Künzelsau Partystimmung bei Sunrise Avenue

Künzelsau / Nina Piorr 26.06.2018
Die finnische Rockband bildet auf dem Würth Open Air den krönenden Höhepunkt.

Ausgelassen tanzende Menschen, die Refrains mitschmetternd und die Hände in Richtung des wolkenverhangenen und doch trocken bleibenden Himmels gereckt – die Stimmung am letzten Abend des Würth-Open-Airs ist super. Zu diesem Erfolg tragen die Bands Dr. Feelgood, Matt Beilis, Niila sowie Sunrise Avenue bei, die auf dem Gelände des Carmen-Würth-Forums ein riesiges Publikum begeistern.

Mit seinen gefühlvollen Songs, die auch Platz für ruhigere Zwischentöne bieten, sowie fein akzentuierten instrumentalen Zwischenspielen (besonders herausragend: das Saxofon) legt der finnische Singer-Songwriter Niila mit Band die Latte bereits hoch. Seinen Höhepunkt erreicht das Stimmungsbarometer jedoch, als nach mehreren Minuten Umbauverzögerung die Band die Bühne betritt, der Niila durch Zusammenarbeit und gemeinsame Auftritte seine mittlerweile über Finnlands Grenzen hinausreichende Bekanntheit verdankt: die finnische Rockband Sunrise Avenue. Raul Ruutu (Bass), Sami Osala (Drums), Riku Rajamaa (Gitarre) sowie natürlich Frontmann Samu Haber (Gesang, Gitarre) in Jeansweste und Converse bringen insbesondere das weibliche Publikum zum Kreischen. „Sad and happy songs“, verspricht Haber und in der Tat ist bei Sunrise Avenue mit einer Mischung aus Rock, Pop und Balladen für jeden Geschmack etwas dabei. Im Gepäck hat die 2002 gegründete Musikgruppe vor allem Songs ihres am 6. Oktober 2017 veröffentlichten Studioalbums „Heartbreak Century“.

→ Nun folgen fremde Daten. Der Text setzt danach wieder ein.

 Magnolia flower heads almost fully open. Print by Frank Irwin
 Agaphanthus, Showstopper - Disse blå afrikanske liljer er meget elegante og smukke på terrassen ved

Globale Vernetzung und gleichzeitige Einsamkeit, Hektik, krankmachender Perfektionismus sowie der tief in der Gesellschaft wurzelnde Wunsch nach echten Gefühlen thematisieren die Stars in ihrem fünften gemeinsamen Album. Dazu gehört etwa der Song „I help you hate me“, bei dem Haber seine markante Stimme zu den wummernden Bässen entfaltet. „Why aren’t we happy with everything we have?“, singt Haber und übt – verpackt in einen schnörkellosen, aussagekräftigen Text sowie in eine mitreißende Melodie – gleichzeitig ein wenig Gesellschaftskritik. Im Zwiegespräch von Gesang und Piano wirkt der Song zurückgenommener und dabei höchst emotional.

Abgesehen von den immer wieder schön zur Geltung kommenden Instrumentalpassagen begeistern die finnischen Poprocker mit ihren fetzigen Refrains, die das Zeug zum Ohrwurm haben. Schade allerdings, dass das Open-Air-Konzert in Künzelsau ein überraschendes schnelles Ende findet: Ohne jede Zugabe verabschiedet sich Sunrise Avenue ziemlich abrupt von der Bühne.